U.S. Rep. Yvette D. Clarke.
U.S. Rep. Yvette D. Clarke. Photo courtesy Office of U.S. Representative Yvette D. Clarke

The Congressional Black Caucus (CBC) – chaired by Caribbean-American U.S. Rep. Yvette D. Clarke, who represents the 9th Congressional District in New York – also condemned the US Supreme Court’s ruling.

“By limiting the federal judiciary’s ability to issue nationwide injunctions against the Trump administration’s extremist and authoritarian policies, the conservative supermajority on the Supreme Court is once again bending the law to serve President Trump instead of defending the Constitution and the American people, said CBC in a statement.

“While this ruling makes it harder for courts to fully block the unlawful policies of the Trump administration, the judicial fight to protect birthright citizenship and our fundamental rights will continue, CBC vowed. “For more than a century, a cornerstone of our law has been that those born on US soil are American citizens.

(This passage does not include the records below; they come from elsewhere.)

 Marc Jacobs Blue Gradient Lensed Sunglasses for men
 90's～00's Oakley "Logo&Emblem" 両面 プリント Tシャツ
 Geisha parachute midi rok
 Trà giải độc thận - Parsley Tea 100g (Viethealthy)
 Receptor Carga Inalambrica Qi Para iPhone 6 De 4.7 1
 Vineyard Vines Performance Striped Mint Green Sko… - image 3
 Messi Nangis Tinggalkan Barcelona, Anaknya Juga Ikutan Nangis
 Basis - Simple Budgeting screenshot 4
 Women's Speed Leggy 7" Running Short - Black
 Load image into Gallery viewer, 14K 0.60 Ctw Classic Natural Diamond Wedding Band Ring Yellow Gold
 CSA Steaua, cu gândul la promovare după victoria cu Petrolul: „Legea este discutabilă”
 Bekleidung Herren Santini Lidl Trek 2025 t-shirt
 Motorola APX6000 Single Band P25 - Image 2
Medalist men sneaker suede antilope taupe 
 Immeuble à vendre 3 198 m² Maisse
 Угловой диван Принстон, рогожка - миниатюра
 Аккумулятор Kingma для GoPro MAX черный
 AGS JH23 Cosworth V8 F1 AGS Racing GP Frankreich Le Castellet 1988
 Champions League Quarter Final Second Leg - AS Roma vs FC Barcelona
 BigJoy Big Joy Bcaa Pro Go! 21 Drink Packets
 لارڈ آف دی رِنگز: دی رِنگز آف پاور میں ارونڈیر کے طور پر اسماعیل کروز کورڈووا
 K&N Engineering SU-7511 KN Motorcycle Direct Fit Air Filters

President Trump’s unlawful attempts to nullify birthright citizenship are in clear violation of the Fourteenth Amendment, which established African Americans as equal citizens under the law.

“President Trump has absolutely no authority to unilaterally write American citizens out of the Constitution, and any challenge to that notion is utterly fanciful, it continued.

New York Attorney General Letitia James said the US Supreme Court’s decision “is a profound and disappointing setback for the families facing tremendous uncertainty and danger, for the millions of people who rely on the courts to protect their constitutional rights, and for the fundamental rule of law.

“Every child born on US soil is a citizen of this country, no matter which state they are born in, she said. “This has been the law of the land for more than a century.”

However, James said the case “is not over, expressing confidence that the case defending birthright citizenship will ultimately prevail.

“My heart breaks for the families whose lives may be upended by the uncertainty of this decision, she said. “My fellow attorneys general and I will continue to defend the Constitution and the common values that unite us.”

On Jan. 21, Attorney General James and 18 other states sued to block the president’s “unconstitutional executive order,” which purported to end birthright citizenship.

On Feb. 13, the court granted the coalition’s motion for a preliminary injunction, which the US Court of Appeals later upheld for the First Circuit.

Last week, the US Supreme Court, the highest court in America, partially stayed the preliminary injunction, sending the issue back to the lower courts to narrow their order.

According to the Washington-based think tank Cato Institute, the 14th Amendment became part of the US Constitution 150 years ago in July 1868.

The institute said the amendment “enshrined our traditional common law practice of granting citizenship to those born in the United States who are subject to its laws — specifically, it guaranteed that the recently freed slaves and their descendants would be citizens.

The institute also said the 14th Amendment applied to the children of immigrants, including Caribbean immigrants, “as its authors and opponents understood at the time.”

But the Cato Institute noted that Trump’s immigration position paper “famously endorsed an end to birthright citizenship.